V. I.   Lenin

7

[1] TO THE INVENTIONS SECTION OF THE SCIENTIFIC AND TECHNICAL DEPARTMENT OF THE SUPREME ECONOMIC COUNCIL


Published: First published in 1965 in Collected Works, Fifth (Russian) Ed., Vol. 52. Printed from a typewritten copy.
Source: Lenin Collected Works, Progress Publishers, 1976, Moscow, Volume 45, pages 50b-51a.
Translated: Yuri Sdobnikov
Transcription\Markup: R. Cymbala
Public Domain: Lenin Internet Archive You may freely copy, distribute, display and perform this work; as well as make derivative and commercial works.
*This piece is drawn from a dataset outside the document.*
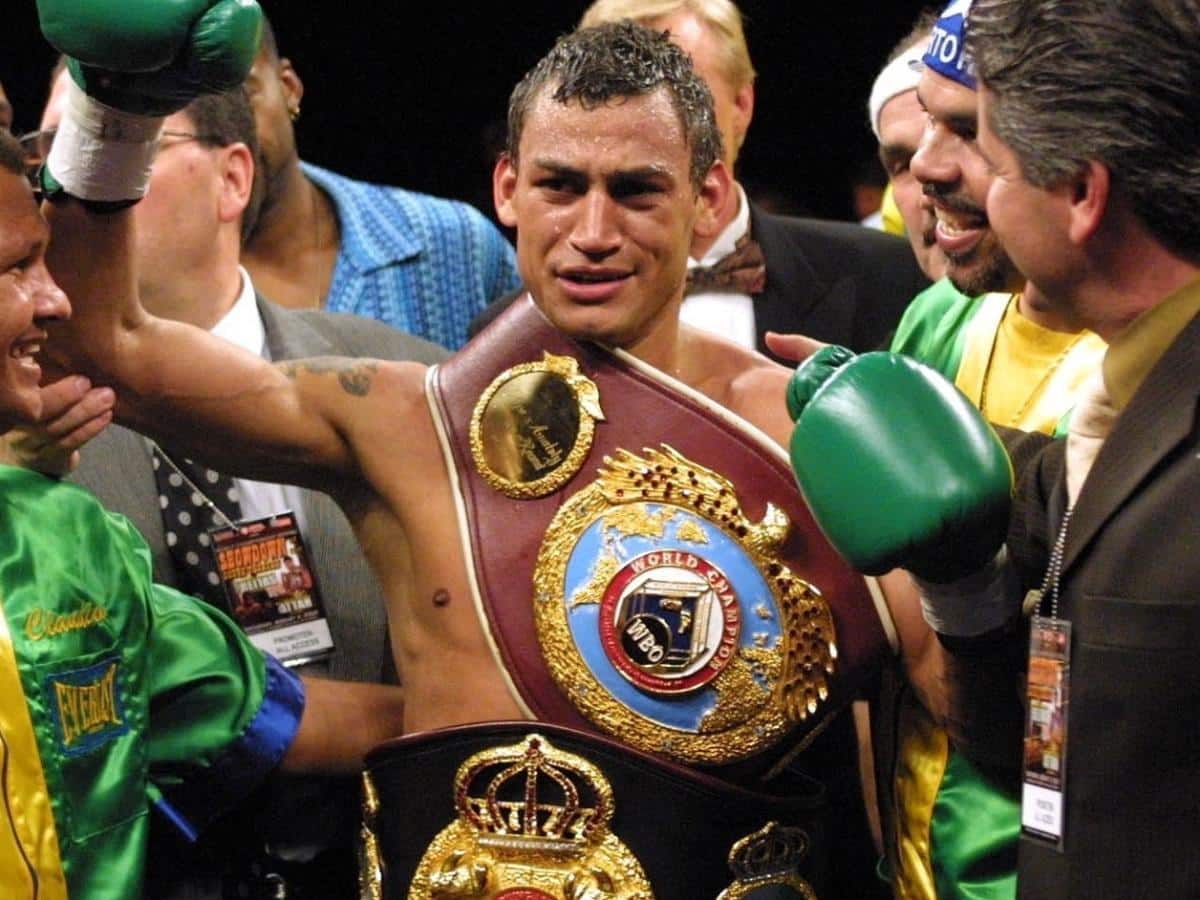 Os 20 maiores boxeadores brasileiros da hist&oacute;ria e da atualidade (2026)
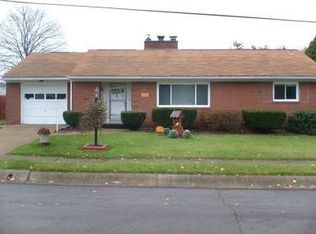 827 23rd St, Aliquippa, PA 15001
Please credit “Marxists Internet Archive” as your source.README


Please answer the following questions:

1. How many claims to inventions have been examined since the section has been set up, and how many are outstanding at present?
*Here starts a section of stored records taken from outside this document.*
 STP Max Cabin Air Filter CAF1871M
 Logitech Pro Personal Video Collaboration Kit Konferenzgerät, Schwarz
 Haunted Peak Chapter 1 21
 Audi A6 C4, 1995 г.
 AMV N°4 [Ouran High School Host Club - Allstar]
2. How many 1) have been recognised as useful, 2) applied in practice (list the major ones)?

3. What is the order and time allotted to the examination of every invention and the further dispatch of the claim?
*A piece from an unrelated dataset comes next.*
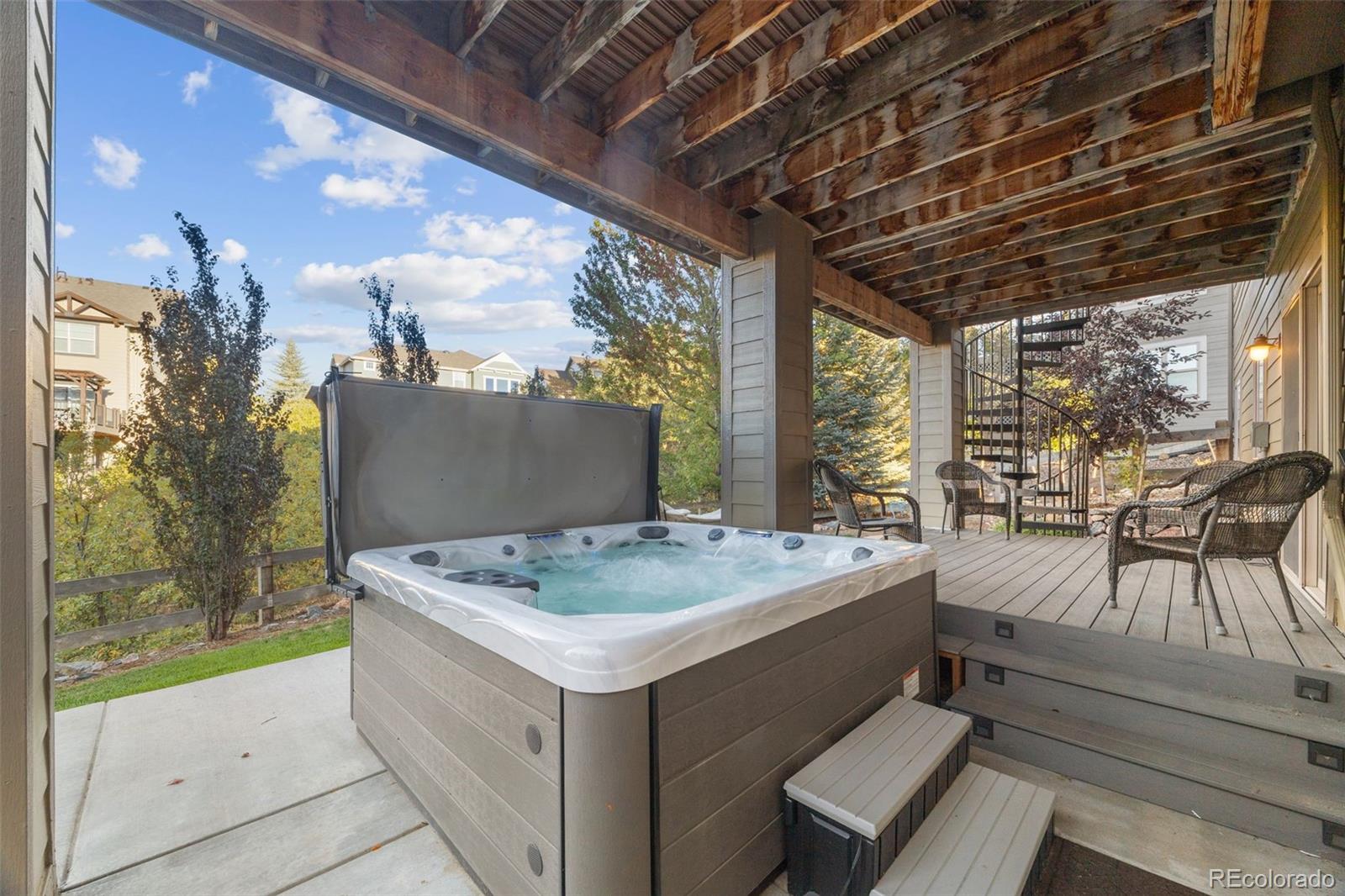 MLS Image #40 for 1644  ridgetrail lane,castle rock, Colorado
4. Is it possible for any institution to put through an invention without the conclusion of the Inventions Section of the Scientific and Technical Department?

5. Does the Inventions Section of the Scientific and Technical Department know about 

a) the invention of a sole leather substitute made by Baryshnikov; if yes, what has been done about it, 

b) the invention[2]

Who is at the head of the Inventions Section?[3]

Lenin
Chairman, Council of People’s Commissars

13/XI-20


Notes

[1] Here and elsewhere such an asterisk denotes headings given in the original.—Ed.

[2] An apparent omission in the typewritten copy.—Ed.

[3] Lenin received a detailed official reply to all his questions from the Inventions Committee of the Scientific and Technical Department of the Supreme Economic Council on November 20, 1920. Appended were: 1) a record of the inventions examined by the Committee’s sections, 2) the major inventions recognised as useful and partially applied, 3) a list of inventions deserving government attention, 4) preliminary opinion of expert F. Blistanov on the leather substitute invented by engineer A. A. Baryshnikov, 5) the Committee’s report as of November 1, 1920, 6) information about V. A. Petrov, military engineer and technologist, chairman of the Technical Department.

At the same time, Lenin received an additional report from A. K. Kaufman, member of the Committee Collegium, who dealt with the shortcomings in the Committee’s work and their causes.